Floating Service Station

These special barges are brought up to the ships and their huge tanks in their hull contain the particular fuel that the ship needs to move through the water. Princess ships generally use crude bunker oil for a fuel, and equipment onboard the ship refines it as it is needed, allowing the huge engines to have the proper type of fuel to burn. This keeps the Princess ships' engines safe from poor fuel oil in foreign ports. It is also cheaper for Princess Lines. Safe fuel means less down time for repairs and engine damage.

Floating Fuel Service In Position To Transfer Fuel

Dinner was a surprise. We were seated at a table for 8, and the couple that was already there were in their eighties, at least. He is Chuck and she is Mary Lou, and her father was instrumental in first setting up the Lawrence Livermore National Lab, the large federally-funded research facility that is currently working on many energy and defense projects, including the nuclear fusion project to produce energy much as the sun does. They live in Fremont, CA, where we lived for 8 years and I taught for 35 years, and he taught elementary school in Milpitas, the next town to the South of Fremont. A third couple, Laurel and Leloni Evans joined us and they live in the Niles Canyon section of Fremont, where the old Essanay Movie Studios were located that produced most of Charlie Chaplin's movies and many Civil War movies of the thirties and forties. Their children attended Mission San Jose, the school where I taught.
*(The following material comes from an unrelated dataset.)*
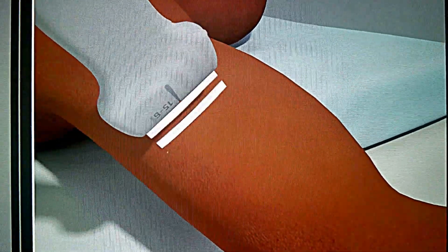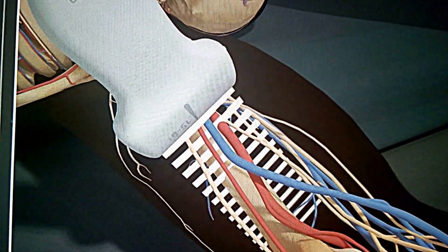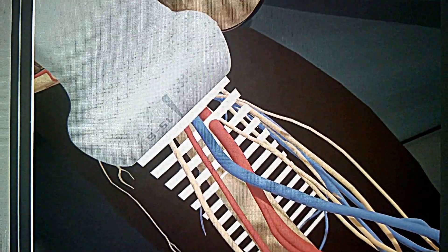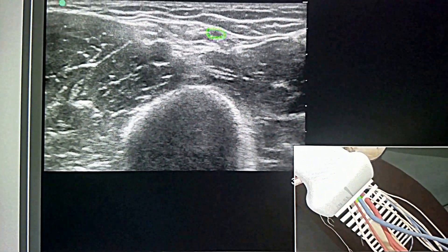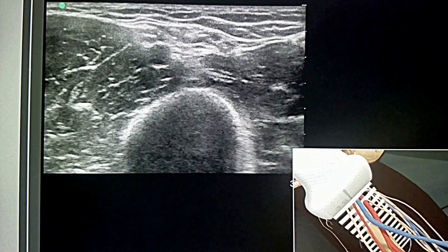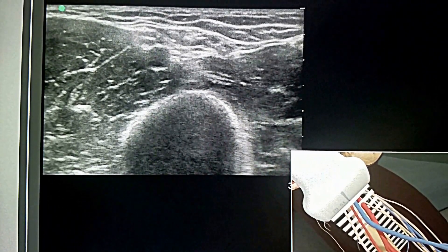The transducer is placed transversely just proximal to the medial condyle in the bicipital groove with the orientation marker directed to the patient's right. The basilic vein is seen as a dark anechoic circular compressible structure in the mid-portion of the ultrasound image between the biceps and triceps muscle.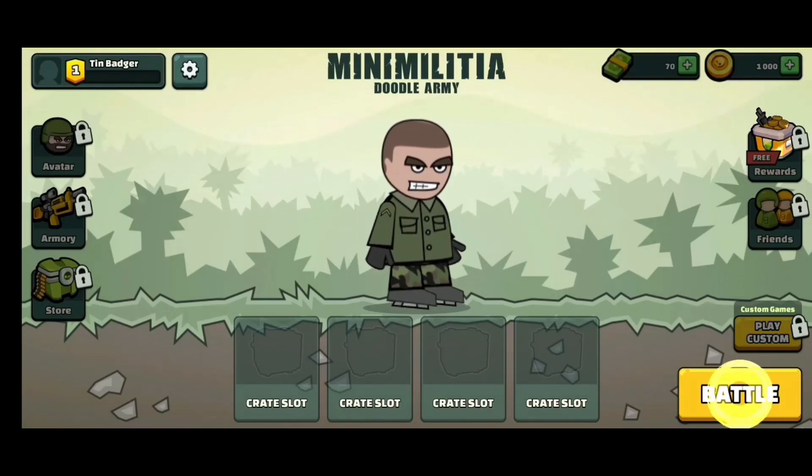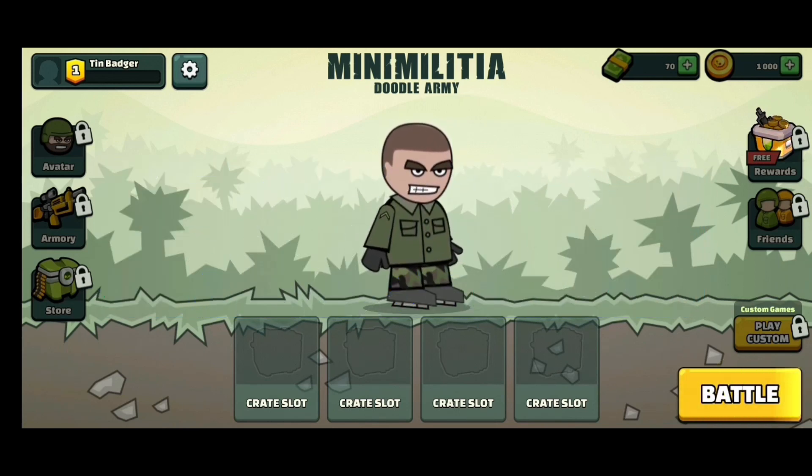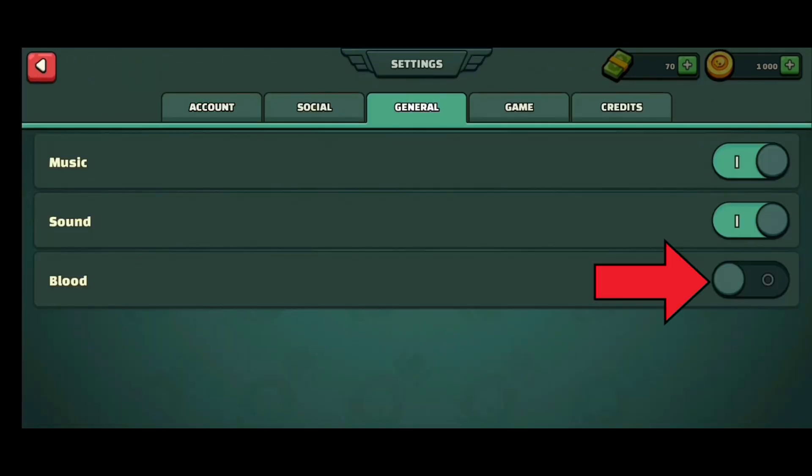Hey guys, it's me Jenny from Gaming Explained, and today I'm going to show you how to turn on blood in Mini Militia. It's pretty simple and quick, so let's jump in. First, tap on the settings icon at the top left of your screen, select General, then tap on the button next to Blood.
The fourth couple joined us and they were the couple that were at our table on the Formal Night. He was a computer professor at Ohlone College in Fremont and she was the Librarian there. They currently live in Brentwood, CA, just East of where we live. It was an all-Fremont table. What are the odds? Eight people out of some 2,550 souls and we all live or lived in the same town.

We all talked to excess and most tables had cleared and new people had come in and we were still eating. The lady from Niles, Leloni Evens, was heavy and diabetic. She dined on Prime Rib. (sigh) I had a wonderful dish of tempura vegetables, a nice greens salad, something else ?!? LOL, and some sugar-free ice cream. Oops. I usually try their sorbet, but tonight's sorbet was an alcoholic beverage flavor, and it did not entice me. The Professor and his wife, Adam and Shirley, were delightful and we talked a lot. They were thinking about catching the movie in the Princess Theater ("J. Edgar") as were we, but we talked right past the starting time. We agreed to meet with the Professor and his wife at 1730 for dinner in the Capri the following evening.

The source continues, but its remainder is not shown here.